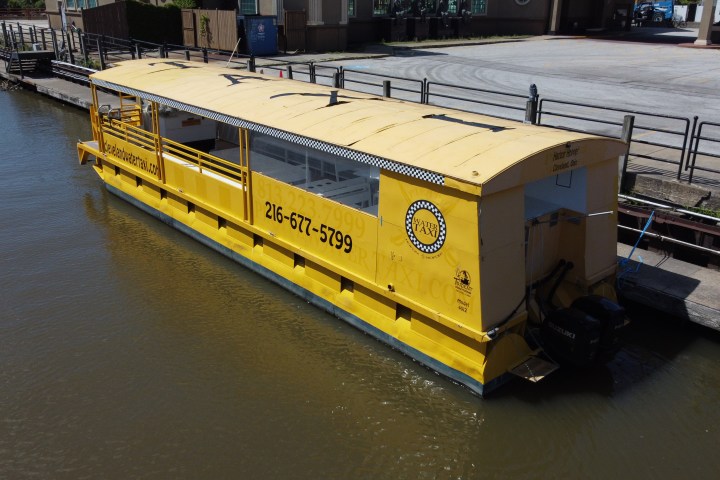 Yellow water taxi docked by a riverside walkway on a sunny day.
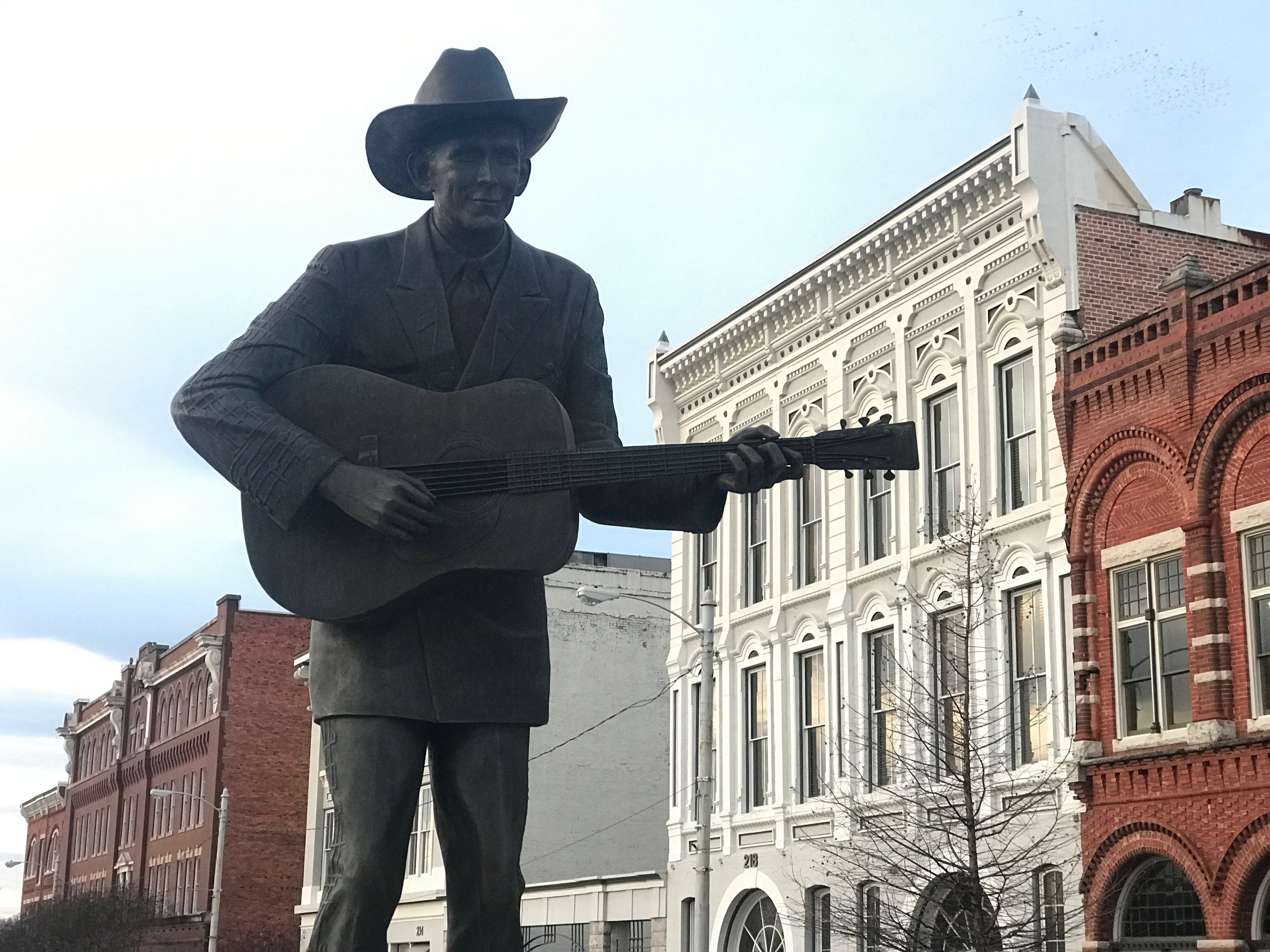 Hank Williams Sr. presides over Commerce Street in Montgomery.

...

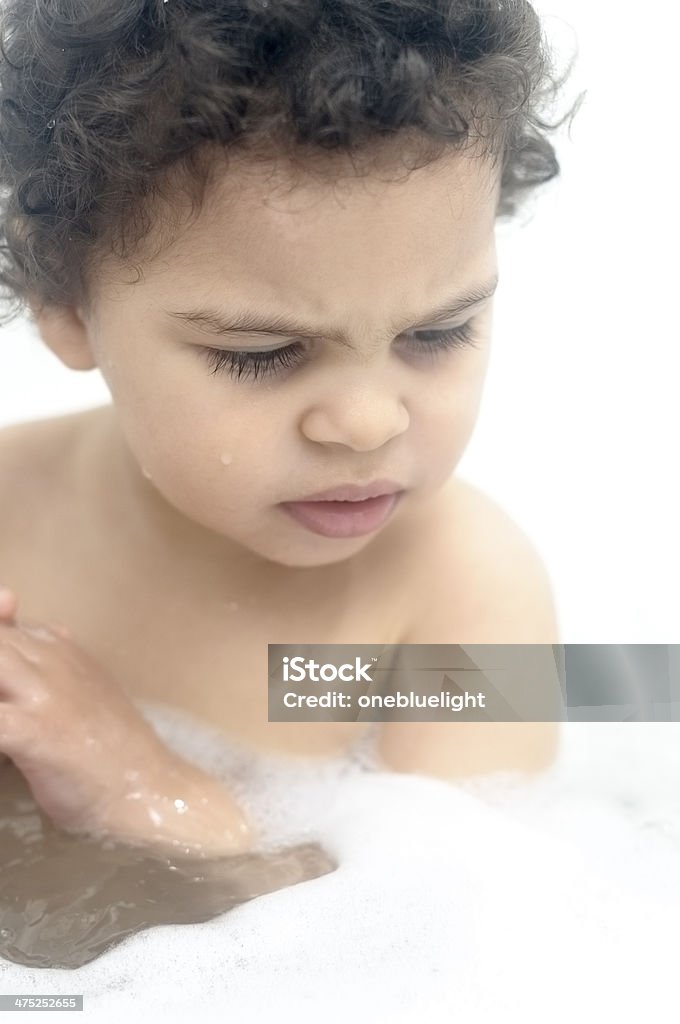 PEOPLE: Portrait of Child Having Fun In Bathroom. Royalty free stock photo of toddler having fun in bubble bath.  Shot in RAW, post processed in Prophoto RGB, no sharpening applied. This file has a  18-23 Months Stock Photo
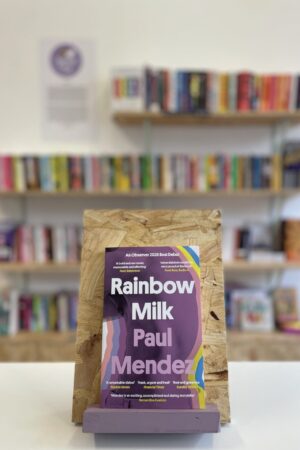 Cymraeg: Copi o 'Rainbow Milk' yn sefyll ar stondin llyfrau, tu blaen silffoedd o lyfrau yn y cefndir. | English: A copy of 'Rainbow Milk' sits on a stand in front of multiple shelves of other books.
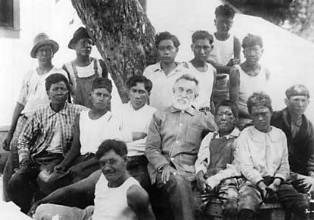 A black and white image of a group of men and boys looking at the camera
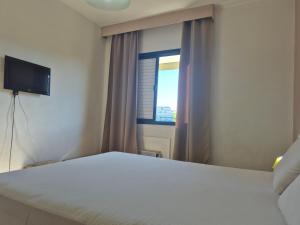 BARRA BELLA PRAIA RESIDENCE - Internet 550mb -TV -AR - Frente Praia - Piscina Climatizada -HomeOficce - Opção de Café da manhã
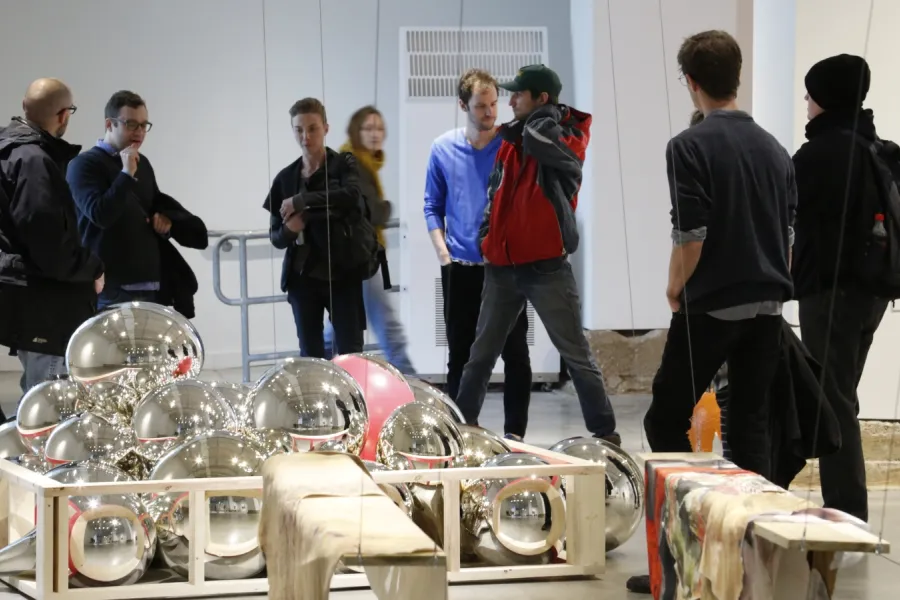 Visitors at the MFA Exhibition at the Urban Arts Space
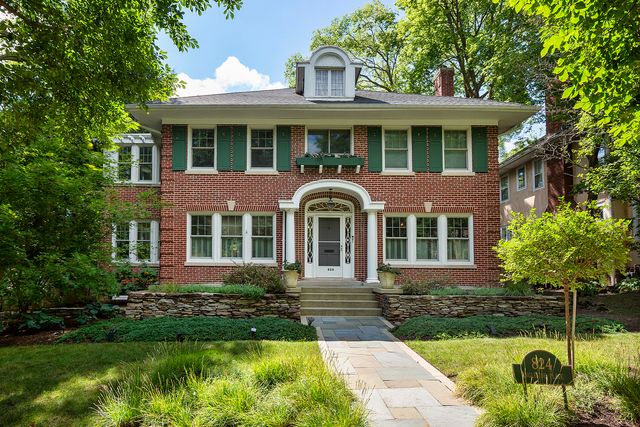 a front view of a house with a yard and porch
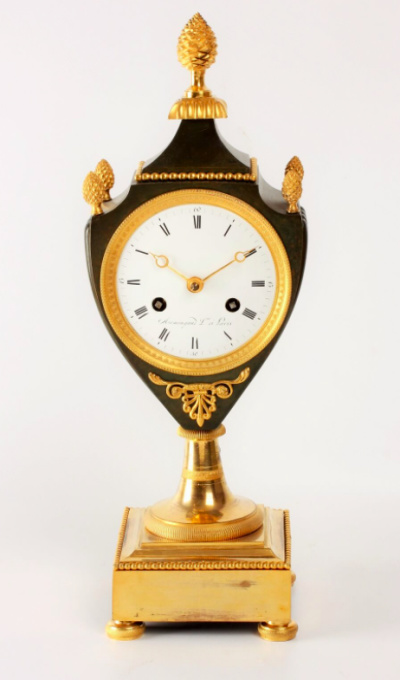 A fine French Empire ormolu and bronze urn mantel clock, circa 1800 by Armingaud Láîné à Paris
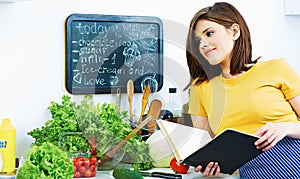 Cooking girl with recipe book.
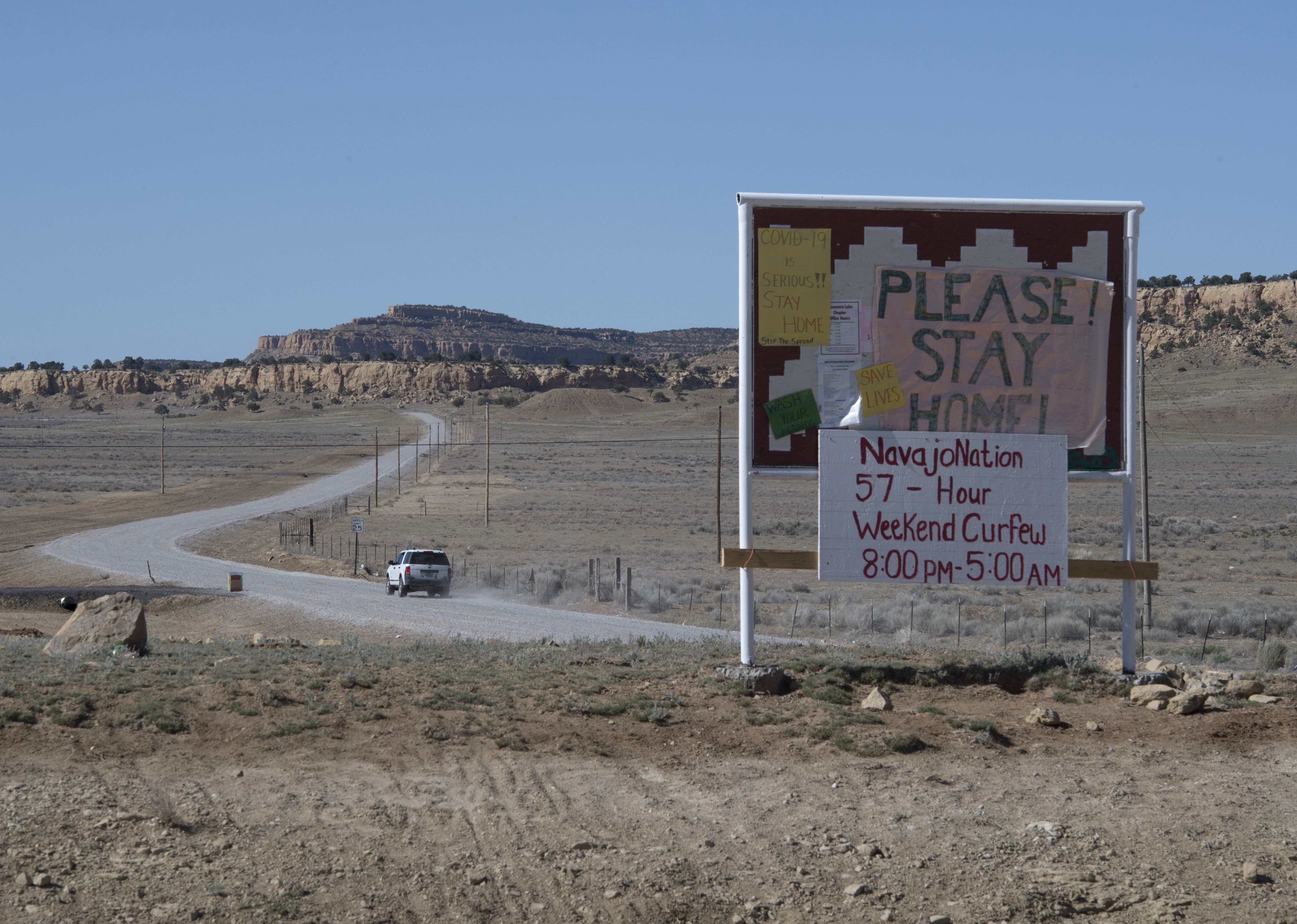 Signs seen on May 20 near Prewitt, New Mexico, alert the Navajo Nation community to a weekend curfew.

▸ **Required work**:
Keep to the lines above from the line with "PEOPLE: Portrait of" to the line with "Signs seen on", and set down exactly those, inclusive, with nothing else and every picture left out.

▸ **Written response**:
 PEOPLE: Portrait of Child Having Fun In Bathroom. Royalty free stock photo of toddler having fun in bubble bath.  Shot in RAW, post processed in Prophoto RGB, no sharpening applied. This file has a  18-23 Months Stock Photo
 Cymraeg: Copi o 'Rainbow Milk' yn sefyll ar stondin llyfrau, tu blaen silffoedd o lyfrau yn y cefndir. | English: A copy of 'Rainbow Milk' sits on a stand in front of multiple shelves of other books.
 A black and white image of a group of men and boys looking at the camera
 BARRA BELLA PRAIA RESIDENCE - Internet 550mb -TV -AR - Frente Praia - Piscina Climatizada -HomeOficce - Opção de Café da manhã
 Visitors at the MFA Exhibition at the Urban Arts Space
 a front view of a house with a yard and porch
 A fine French Empire ormolu and bronze urn mantel clock, circa 1800 by Armingaud Láîné à Paris
 Cooking girl with recipe book.
 Signs seen on May 20 near Prewitt, New Mexico, alert the Navajo Nation community to a weekend curfew.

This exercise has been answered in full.